▶ [Instructions to follow] Copy the lines below, please, starting with the one that contains "Uzupe Nij Schemat" and ending with the last. Pictures stay out.

▶ [Records provided]
--- START ---

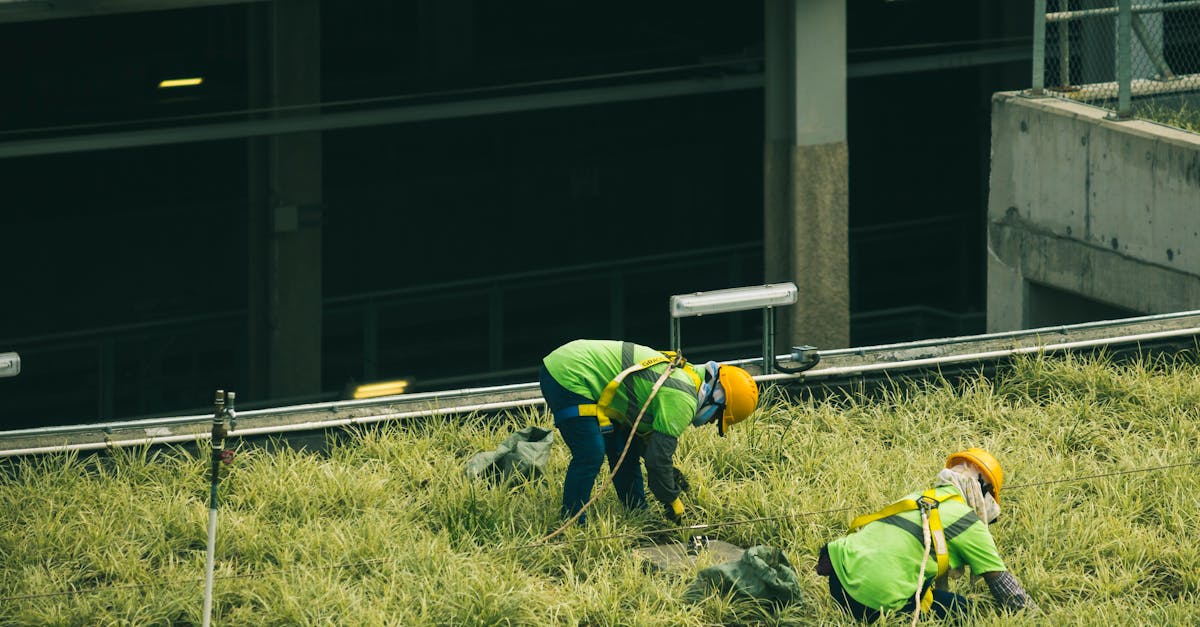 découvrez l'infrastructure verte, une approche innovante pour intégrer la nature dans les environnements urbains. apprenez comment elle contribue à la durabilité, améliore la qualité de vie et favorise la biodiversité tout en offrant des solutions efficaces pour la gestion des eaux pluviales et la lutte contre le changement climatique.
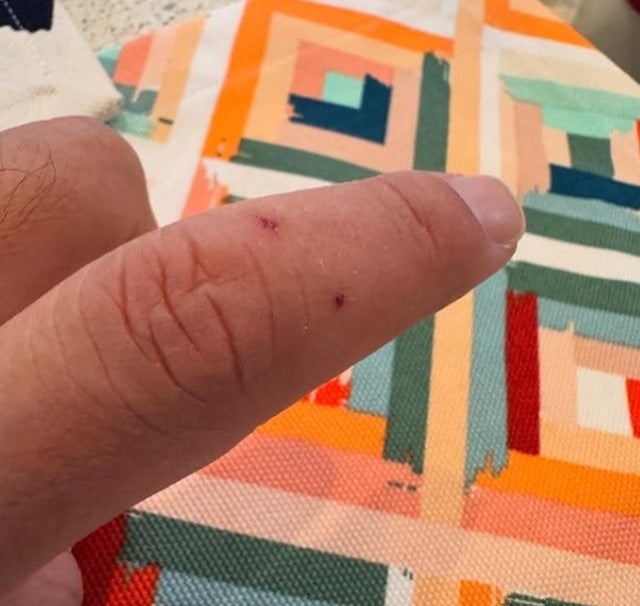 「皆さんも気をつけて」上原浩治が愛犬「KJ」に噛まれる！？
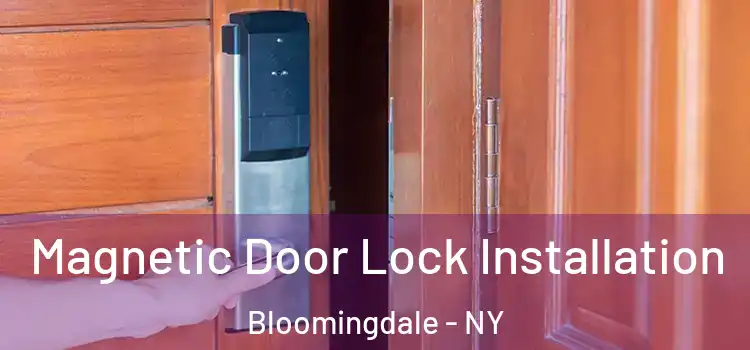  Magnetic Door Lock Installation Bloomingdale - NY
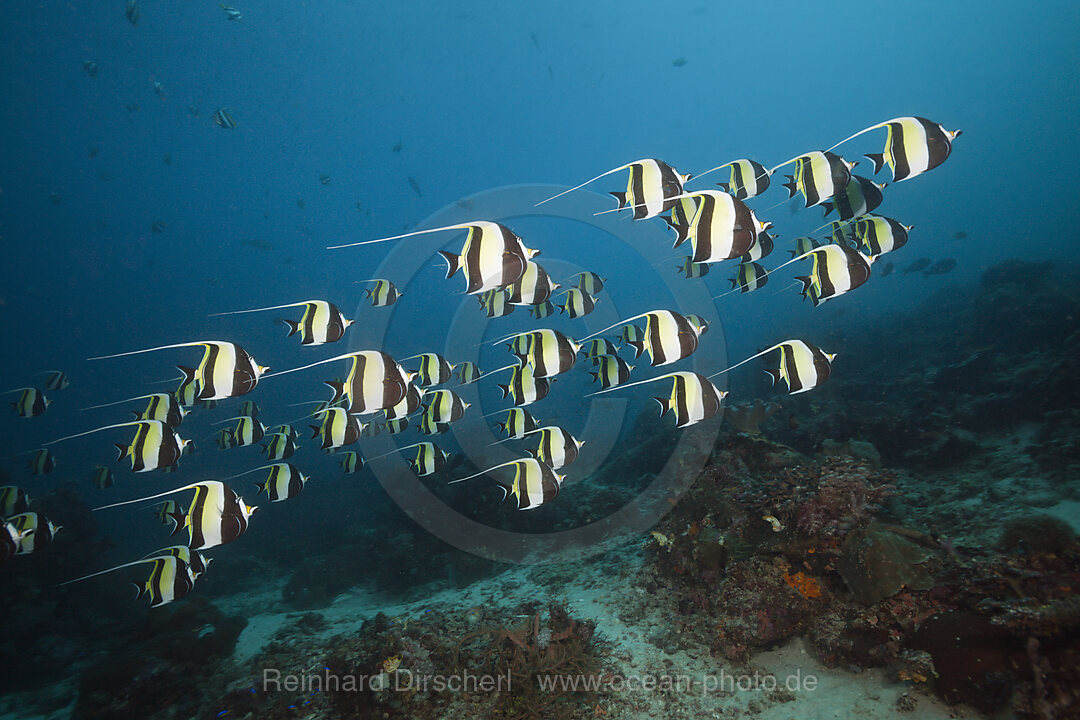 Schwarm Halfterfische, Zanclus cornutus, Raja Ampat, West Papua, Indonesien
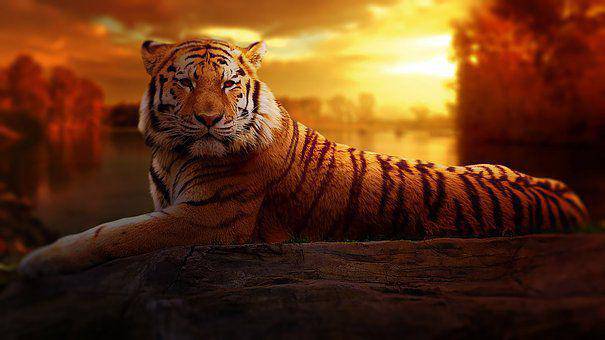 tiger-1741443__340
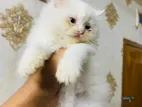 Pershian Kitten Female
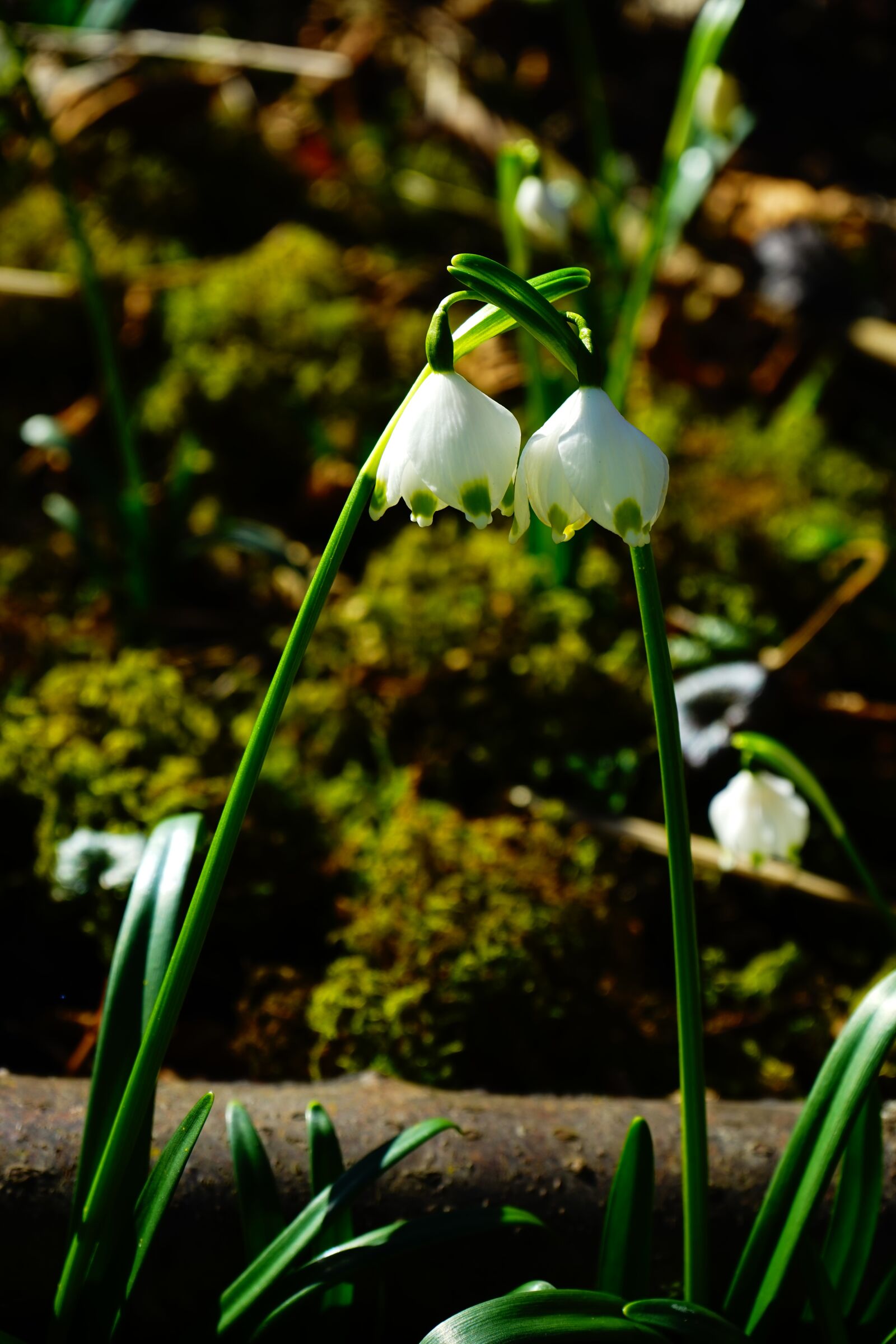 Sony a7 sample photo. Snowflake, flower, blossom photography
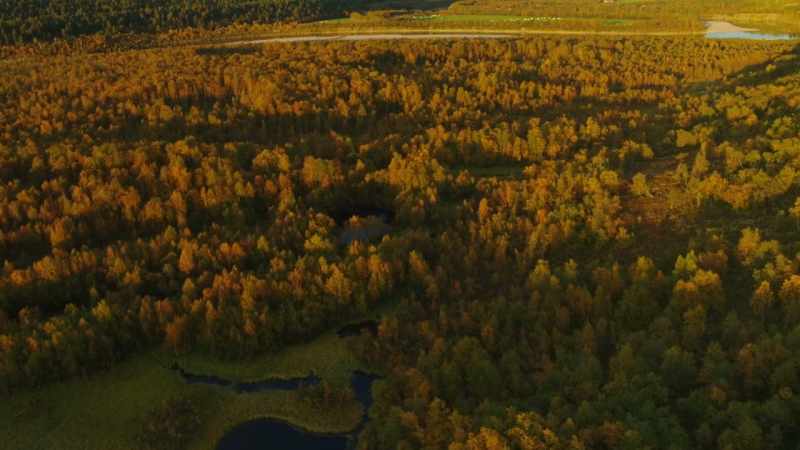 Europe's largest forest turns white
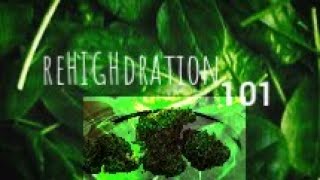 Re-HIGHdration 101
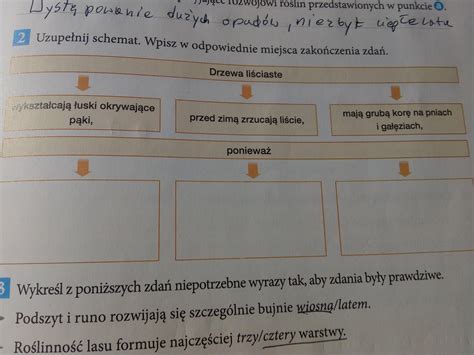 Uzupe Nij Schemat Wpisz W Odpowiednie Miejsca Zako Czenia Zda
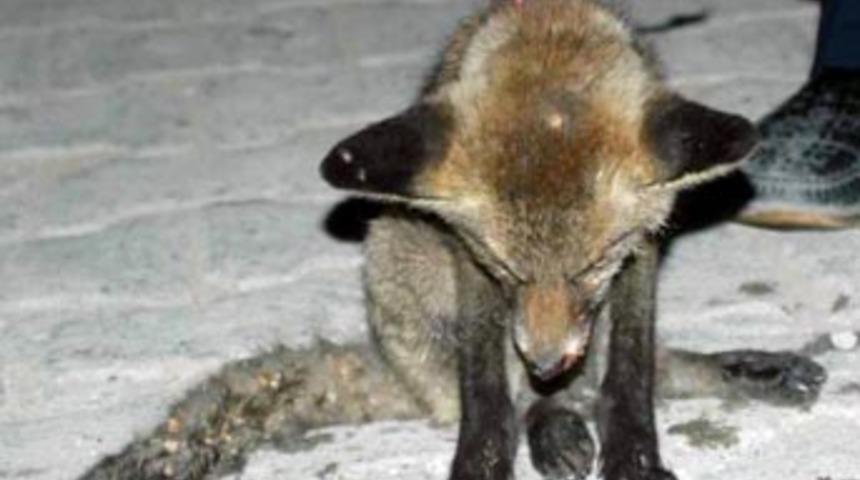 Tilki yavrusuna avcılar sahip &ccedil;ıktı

--- END ---

▶ [Task output]
 Uzupe Nij Schemat Wpisz W Odpowiednie Miejsca Zako Czenia Zda
 Tilki yavrusuna avcılar sahip &ccedil;ıktı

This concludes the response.